> **GIVEN INFORMATION**
----
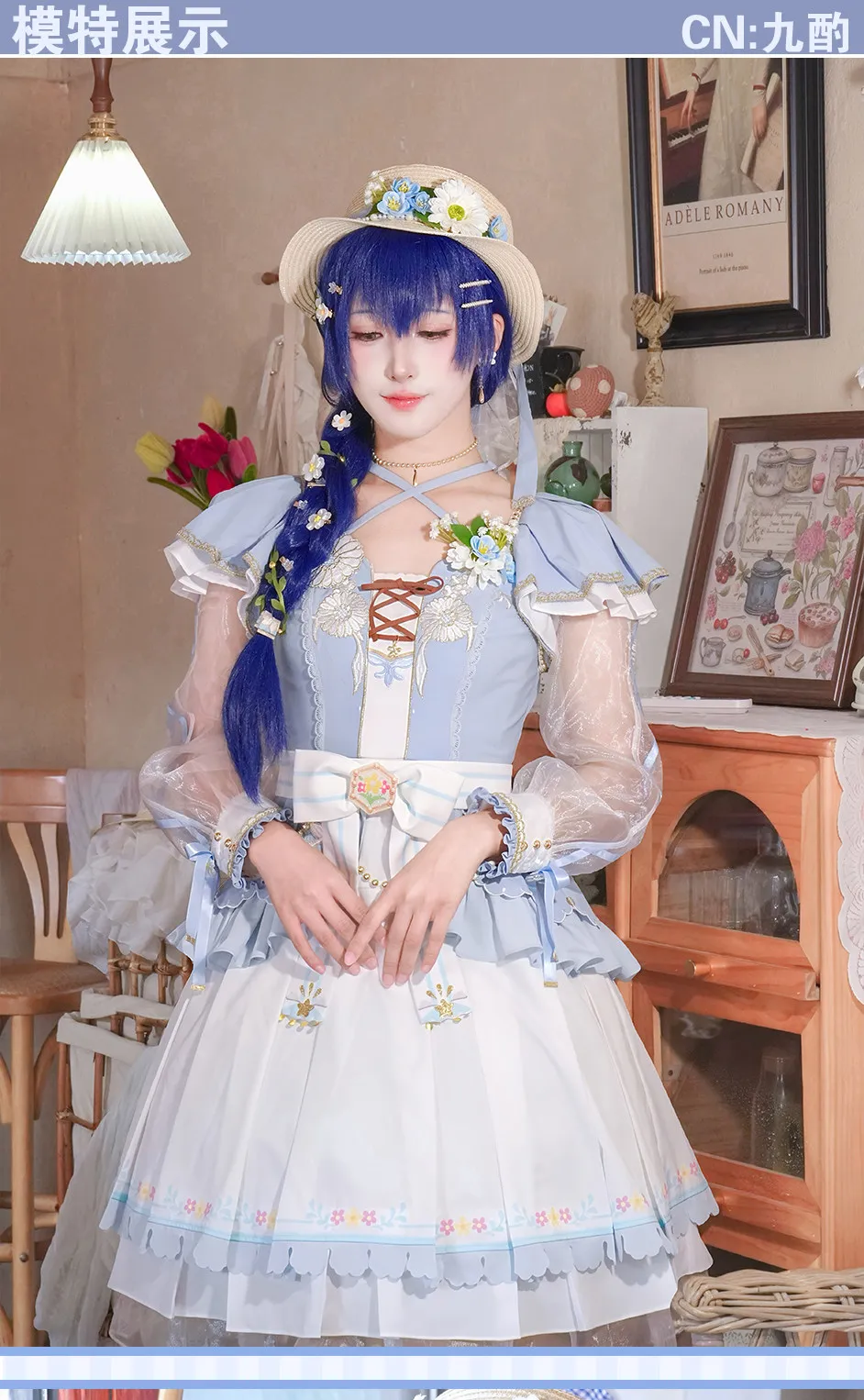 Lovelive Sonoda Umi Maidenly Purity Cosplay Costume Blue and white Western style Lolita style idol singing costume complete set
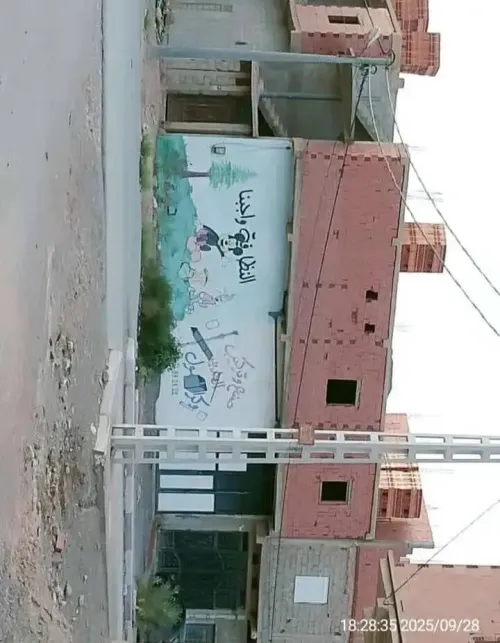 Vente Terrain Béchar Bechar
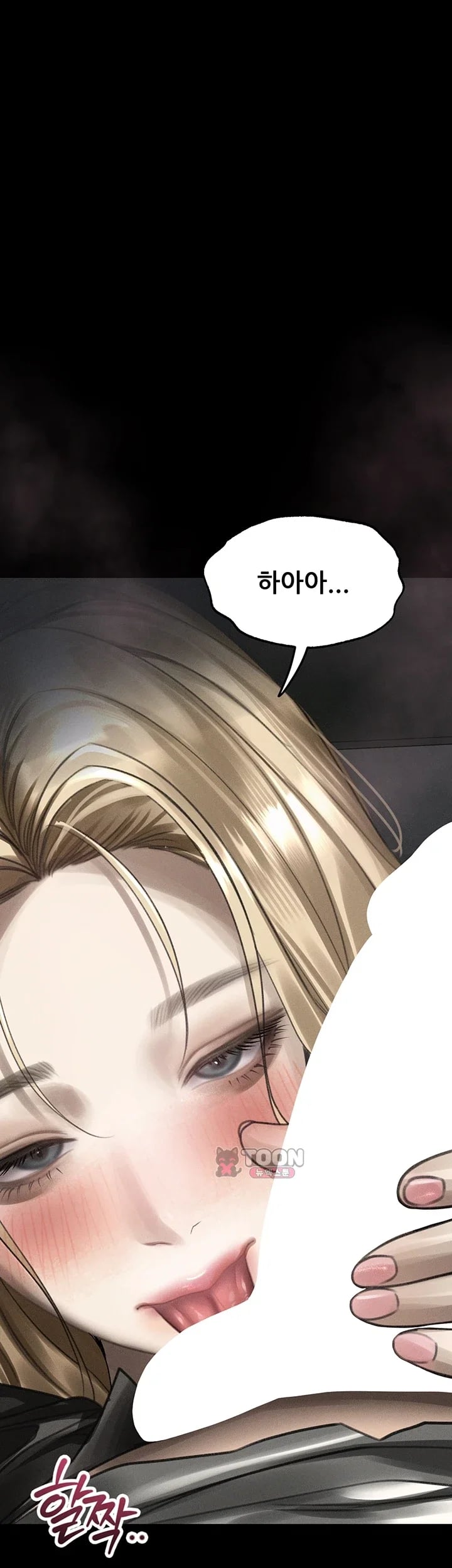 Dirty Talk Raw - Chapter 75 Page 63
----
Omit pictures; set down the rest of the material word for word.

> **RESPONSE AREA**
 Lovelive Sonoda Umi Maidenly Purity Cosplay Costume Blue and white Western style Lolita style idol singing costume complete set
 Vente Terrain Béchar Bechar
 Dirty Talk Raw - Chapter 75 Page 63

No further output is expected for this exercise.